In his greetings, HE Dave Sharma, the Ambassador to Israel from Australia, stressed the strong connection between the two countries: “The museum being built will help teach the younger generation about the Australians and the Israelis, about the connection between our two nations for more than a hundred years. Australia has stood by Israel in its struggle for the right to exist as the State of the Jewish people.
The exhibition at the ANZAC Museum is to include pictures, video clips and historical documents, as well as the soldiers’ personal effects and letters. Visitors at the exhibition will be ascending in a very slow elevator, unawares, and the doors will open onto an observation deck where they can view the cemetery in silence.
There are 174 Australian combatants buried in the Commonwealth War Graves Cemetery in Beersheba, 31 New Zealanders and over a thousand British soldiers. All of them fell in the line of duty in the vicinity of Beersheba during World War I. Among them is also one Jew, whose grave is marked with a Star of David.
As he stood gazing at the ANZAC graves, KKL-JNF Vice Chairman Mike Nitzan said: “These heroes teach us about commitment and courage, about the bonds between nations and civilizations of East and West, which is precisely what KKL-JNF has been a part of for more than 115 years.”
The event was emceed by KKL-JNF Chief of Protocol Andy Michelson, who is of Australian origin, himself. “All of us are deeply grateful to those soldiers, who fought far from their homes in order to uphold our way of life,” said Michelson.
The path of the ANZAC Mounted Division from the Gaza border to Beersheba, which is about 100 kilometers long, has been developed by KKL-JNF to commemorate the route they traveled. Information signs have been installed at selected points along the way. With pictures and explanations, these sites illustrate the experience of the ANZAC fighters and the epic battles they fought.
“The ANZAC Museum in Beersheba will honor the ANZAC fighters and their great sacrifice,” said JNF Australia CEO  Dan Springer. “Future generations will learn here about the role they played in enabling the establishment of the Jewish State. This site will also affirm the close ties between Australia and Israel.”
After the speeches, it was time to lay the cornerstone. The representatives signed the convention, buried it and covered it with cement. Peter Smaller noted the importance of completing the project by the 100th anniversary of the conquest of Beersheba a year and a half hence, at which time distinguished delegations from Australia and New Zealand are expected to arrive at the site as well as many visitors. “Laying the cornerstone symbolizes the beginning of this building project,” he said, “and we are certain that Israeli determination and resourcefulness will enable us to accomplish the task.”

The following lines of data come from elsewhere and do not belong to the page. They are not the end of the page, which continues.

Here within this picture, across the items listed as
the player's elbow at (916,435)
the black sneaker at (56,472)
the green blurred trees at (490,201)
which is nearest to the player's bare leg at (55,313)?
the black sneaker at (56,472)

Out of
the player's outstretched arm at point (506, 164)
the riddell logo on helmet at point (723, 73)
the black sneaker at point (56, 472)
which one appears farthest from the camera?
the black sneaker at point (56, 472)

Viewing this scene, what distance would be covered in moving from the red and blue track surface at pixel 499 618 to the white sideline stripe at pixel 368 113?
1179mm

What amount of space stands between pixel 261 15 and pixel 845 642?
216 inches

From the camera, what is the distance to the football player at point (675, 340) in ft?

2 Responses to “ANZAC Museum cornerstone set in Beersheba”
  1. Will Jansen says:

    Very good news and we are looking forward to bringing a group in October next year to commemorate the 100th Anniversary of the “Charge of the Light Horse Brigade”

  2. Dorothy Finlay says:

    I was sorryn that there was no mention of this event in the New Zealand Press.

    Great initiative to build the war museum in Beer Sheva.